Asian calf Kanlaya has marked her first birthday with a blessing for a long and healthy life.
Thai monk Phra Prasert Eiamruekngam, who was joined by Royal Thai Consul-General Chakkrid Krachaiwong, performed a traditional blessing on Kanlaya and her older cousin Sabai by sprinkling water on their heads. A blessing was also given to the elephant keepers.
While the practice has been undertaken in Taronga Zoo in the past, it's the first time it has been held at Taronga Western Plains Zoo.
Zoo director Steve Hinks said the Asian elephant herd came from Thailand and what better way was there to celebrate their heritage than a blessing for good fortune, good health and success.

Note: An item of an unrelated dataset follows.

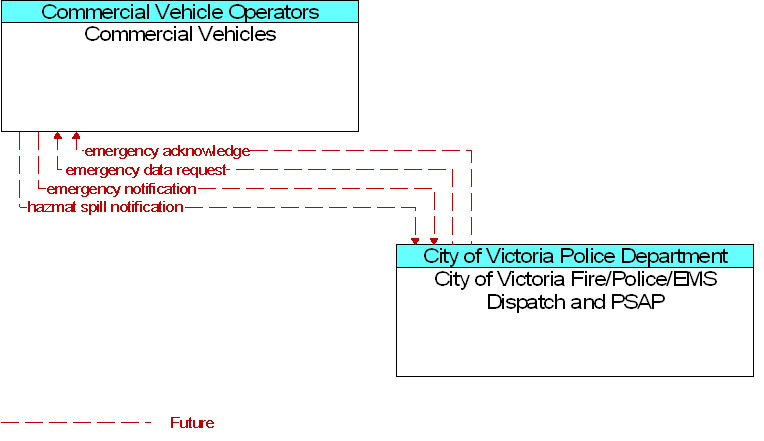 City of Victoria Fire/Police/EMS Dispatch and PSAP to Commercial Vehicles Interface Diagram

"As the breeding program progresses into the future this is something I cant wait to see happen again. This is a very special day," he said.
It was a unique experience for the elephants. Having never seen a Buddhist monk before, or received a blessing, the older elephants were protective of their young. They were slapping their trunks and growling during the ceremony.
"With any good mother there's always a desire to make sure that their children are safe and well. Certainly we saw as a herd them come together and some of those natural reactions you see in the wild as well," Mr Hinks said.
A large crowd witnessed the tradition and shared in Kanlaya's birthday celebrates. There was cake for the human guests while the elephants were given some extra delicious treats.
"That's representative of how much of a hit she's been with our local community, our zoo friends members and our staff and the public alike," Mr Hinks.
Elephant supervisor Glenn Sullivan said both Kanlaya and Sabai play together regularly.
"We've seen them playing in the pool in the warmer months, dust bathing and sometimes napping together on their dirt mound," he said.
Mr Sullivan said the zoo had great success in the past few years with the expansion of the conservation breeding program.
There are eight Asian elephants at Taronga Western Plains Zoo.